- _TO DO_
Please output the following records exactly. Leave every image out.

*** Block opens ***

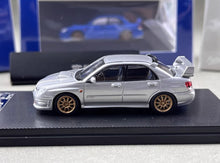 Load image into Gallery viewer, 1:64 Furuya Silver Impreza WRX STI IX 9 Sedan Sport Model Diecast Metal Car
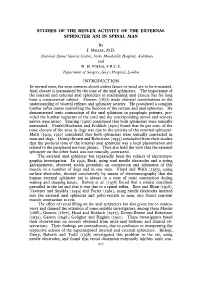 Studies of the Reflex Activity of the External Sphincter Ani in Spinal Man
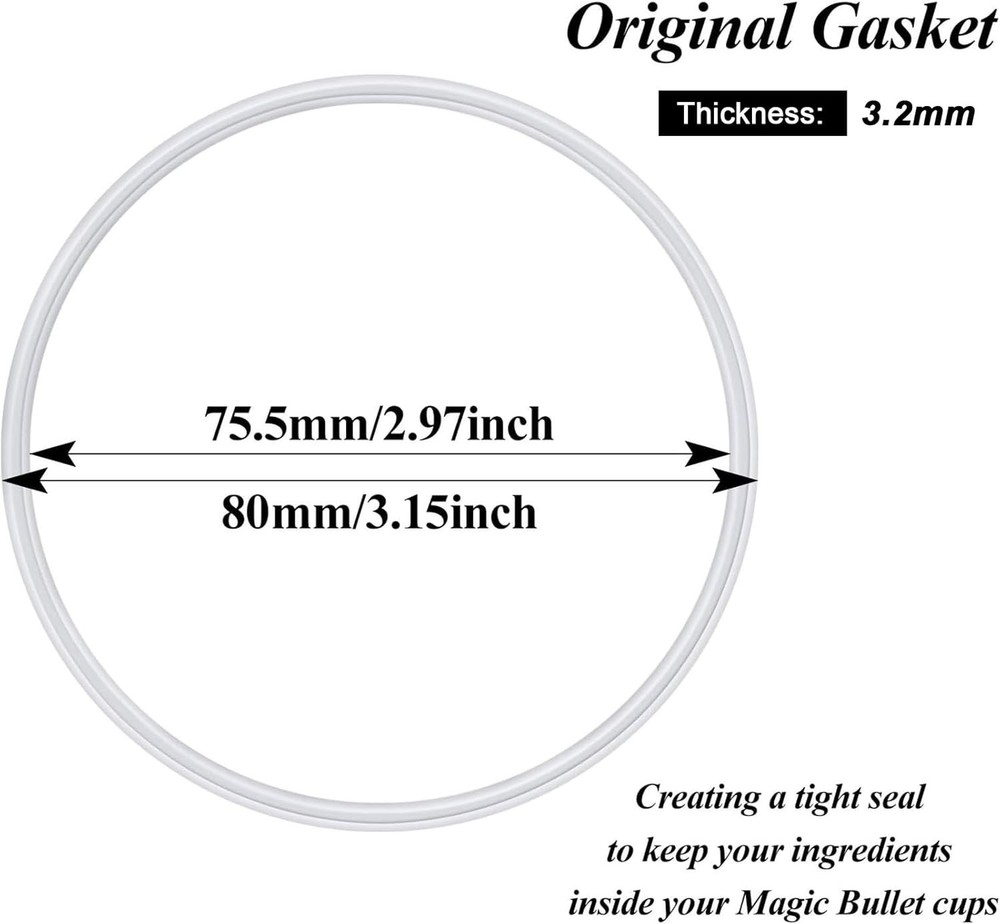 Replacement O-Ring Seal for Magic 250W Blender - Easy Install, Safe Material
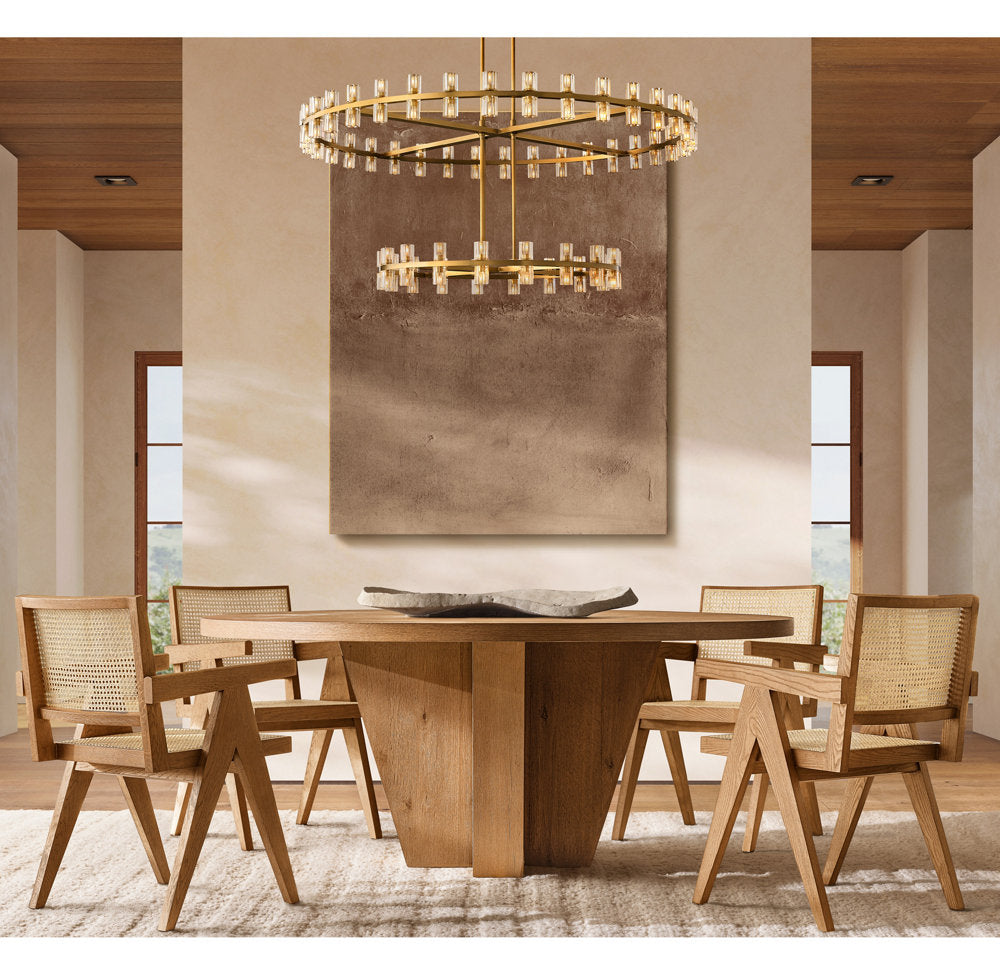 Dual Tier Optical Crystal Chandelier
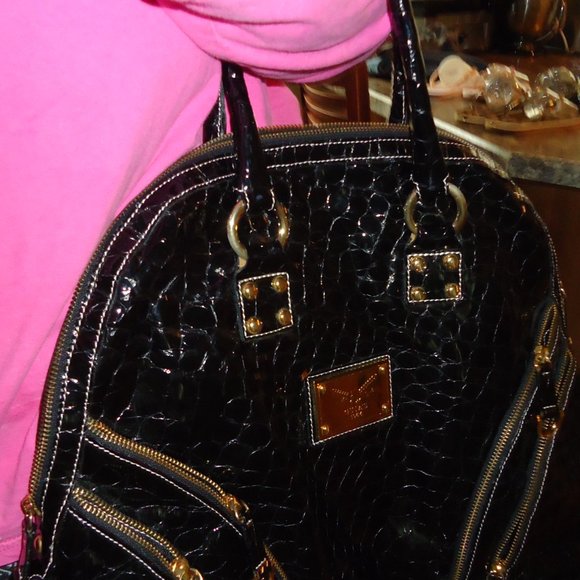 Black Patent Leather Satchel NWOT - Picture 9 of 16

*** Block closes ***

- _OUTPUT BELOW_
 Load image into Gallery viewer, 1:64 Furuya Silver Impreza WRX STI IX 9 Sedan Sport Model Diecast Metal Car
 Studies of the Reflex Activity of the External Sphincter Ani in Spinal Man
 Replacement O-Ring Seal for Magic 250W Blender - Easy Install, Safe Material
 Dual Tier Optical Crystal Chandelier
 Black Patent Leather Satchel NWOT - Picture 9 of 16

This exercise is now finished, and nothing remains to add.